Many industry analysts and experts believe that solar offers the promise of contributing a significant percentage of America’s and the world’s energy needs. Today, solar still represents a tiny amount of U.S. energy supply —less than half of one percent of total electricity generation. What would it take to dramatically increase this number to make solar a significant portion of electricity use, transforming the way U.S. utilities think about solar in the process?
Our research indicates that the solar contribution could be quite considerable, realistically reaching 10 percent of total U.S. electricity generation by 2025 by deploying a combination of solar photovoltaics (PV) and concentrating solar power (CSP).

Historically, utilities have played a marginal role in the direct growth of solar power. This is due to a number of reasons, from a utility mindset not originally aligned with distributed resources to the very real issue of solar as an expensive and intermittent energy source. But things are beginning to change. Public resistance remains high against nuclear power and increasingly high against coal. Since 2006, some 60 new coal plants in the U.S. have been cancelled, blocked, or delayed, and dozens more are being challenged in 20 states.

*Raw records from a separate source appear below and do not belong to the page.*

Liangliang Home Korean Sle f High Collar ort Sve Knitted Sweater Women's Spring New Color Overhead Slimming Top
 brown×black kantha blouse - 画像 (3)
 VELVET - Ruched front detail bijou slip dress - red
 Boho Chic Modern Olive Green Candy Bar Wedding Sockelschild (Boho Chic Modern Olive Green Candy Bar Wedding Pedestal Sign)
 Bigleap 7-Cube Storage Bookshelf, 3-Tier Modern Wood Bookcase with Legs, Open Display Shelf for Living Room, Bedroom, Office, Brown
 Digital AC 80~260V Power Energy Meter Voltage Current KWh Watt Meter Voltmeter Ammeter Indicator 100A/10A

Some states such as Kansas are considering moratoriums against new coal-fired generation – and this is even before nationwide mandatory carbon caps. California utilities are prohibited from buying new coal-fired power from out of state. In this new world, solar can help deliver the reliability that utilities need.
As conventional electricity sources such as coal, natural gas, and nuclear become increasingly expensive and solar technologies continue their inexorable price decline, the promise of a solar future beckons. Already, solar power can compete in regions with high electricity rates and with favorable incentives. It can compete effectively today for peak power production, in grid-constrained territories, and for applications that are off the grid.
Indeed, solar offers a number of significant benefits to utilities struggling with the complex issues of today’s energy landscape. These benefits include:
- Solar can offer a price hedge against volatile and increasing costs for fossil-fuel resources like coal and natural gas. Once installed, solar provides stable fixed prices to utilities and users.
- Solar is becoming a cost-effective peak generation resource.
- Within a decade, solar power will be cost-competitive in most regions of the U.S. on a kilowatt-hour (Kwh) basis.
- Compared to coal, nuclear, and gas-fired power plants, solar has no fuel costs, low maintenance costs, and will provide credits, rather than costs, in a carbon-regulated world.
- Solar PV is a widely available resource, suited to most locales around the nation.
- Solar PV can ease congestion in regions where energy demands have stressed the grid.
- Utilities can use solar to meet state, and potentially national, Renewable Portfolio Standard (RPS) requirements.
- Solar is a domestically available, carbon-free energy source
Getting to Cost Parity
Capital costs for conventional energy sources are, in many cases, not dissimilar to the capital costs for solar PV. As solar prices decline and the capital costs for coal, natural gas, and nuclear plants increase, we are reaching a crossover point. Solar also has a number of additional advantages when comparing it with a comprehensive view of the expense of conventional resources, including no “fuel” costs, low operating and maintenance costs, zero on-site emissions, and broad public approval.